# Particle

xmin = -2.
xmax = 4.
N = 10
b_position = PositionBasis(xmin, xmax, N)
b_momentum = MomentumBasis(b_position)

x0 = 1.2
p0 = 0.4
sigma = 0.2
psi = gaussianstate(b_position, x0, p0, sigma)

x = position(b_position)
p = momentum(b_position)

For particles QuantumOptics.jl provides two different choices - either the calculations can be done in real space or they can be done in momentum space by using PositionBasis or MomentumBasis respectively. The definition of these two bases types is:

struct PositionBasis <: Basis
shape::Vector{Int}
xmin::Float64
xmax::Float64
N::Int
end

struct MomentumBasis <: Basis
shape::Vector{Int}
pmin::Float64
pmax::Float64
N::Int
end

Since real space and momentum space are connected via a Fourier transformation the bases themselves are connected. The numerically inevitable cutoff implies that the functions $\Psi(x)$ and $\Psi(p)$ can be interpreted to continue periodically over the whole real axis. The specific choice of the cutoff points is therefore irrelevant as long as the interval length stays the same. This free choice of cutoff points allows to easily create a corresponding MomentumBasis from a PositionBasis and vice versa:

b_momentum = MomentumBasis(b_position)
b_position = PositionBasis(b_momentum)

When creating a momentum basis from a position basis the cutoff points are connected by $p_\mathrm{min} = -\pi/dx$ and $p_\mathrm{max} = \pi/dx$ where $dx = (x_\mathrm{max} - x_\mathrm{min})/N$. Similarly for the inverse procedure the cutoffs are $x_\mathrm{min} = -\pi/dp$ and $x_\mathrm{max} = \pi/dp$ with $dp = (p_\mathrm{max} - p_\mathrm{min})/N$.

## Operators

All operators are defined for the position basis as well as for the momentum basis.

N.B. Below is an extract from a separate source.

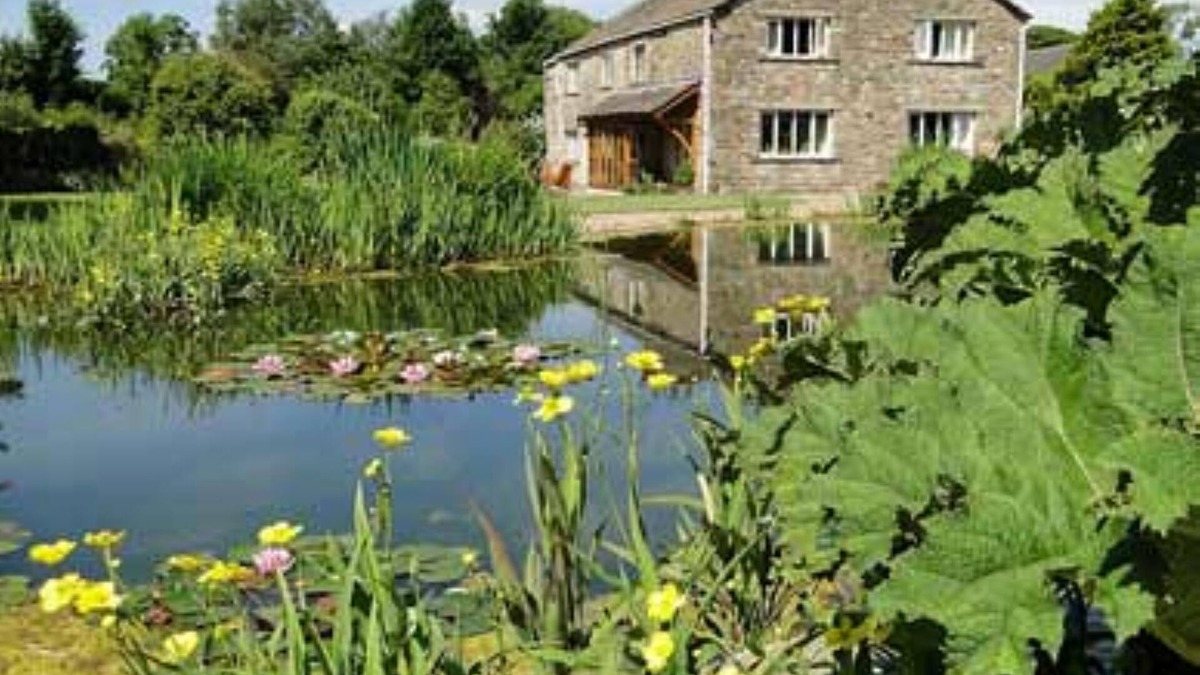 Fourstones Near Bentham Cottage | Charming And Comfortable Farm Cottage In Spectacular Garden Setting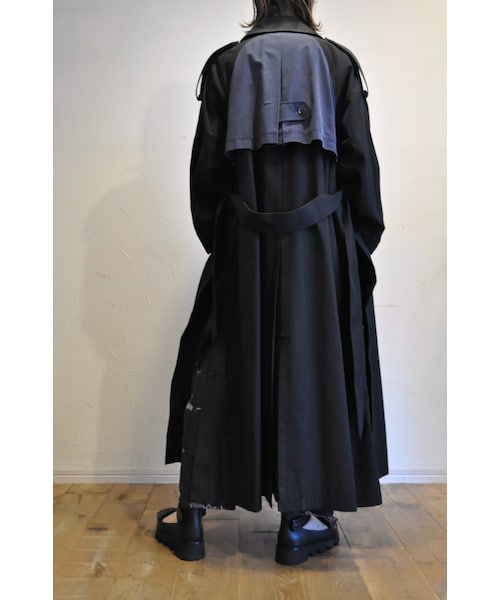 --（--）の「バイカラートレンチコート（トレンチコート・レディース・ベージュ/ブラック・one）」の2枚目の写真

Transforming a state from one basis into another can be done efficiently using the transform:

Tpx = transform(basis_momentum, basis_position)
Psi_p = Tpx*Psi_x

This also works for composite bases, so long as at least one of them is a PositionBasis or MomentumBasis, respectively. For example:

b_fock = FockBasis(10)
b_comp_x = b_position^2 ⊗ b_fock
b_comp_p = b_momentum^2 ⊗ b_fock

Txp = transform(b_comp_x, b_comp_p)

The function will then automatically identify the first to bases of the composite basis b_comp_x as position basis and define a corresponding FFT from b_comp_p to b_comp_x. Note, that it is also possible to specify the indexes of the bases one wants to transform. The above FFTOperator is equivalent to writing transform(b_comp_x, b_comp_p; index=[1, 2]). This can be used if one does not want to FFT all position/momentum bases of a composite basis. Additionally, in order to save memory one can specify the option argument ket_only, for example transform(b_comp_x, b_comp_p; ket_only=true). The resulting FFTOperator is then of the subtype FFTKets and can only be applied to Ket states. This means, that this type of FFTOperator can only be used when calculating the time evolution according to a Schrödinger equation, as opposed to the more general FFTOperators, which can also handle operators. However, when treating large systems, the memory efficiency is much better.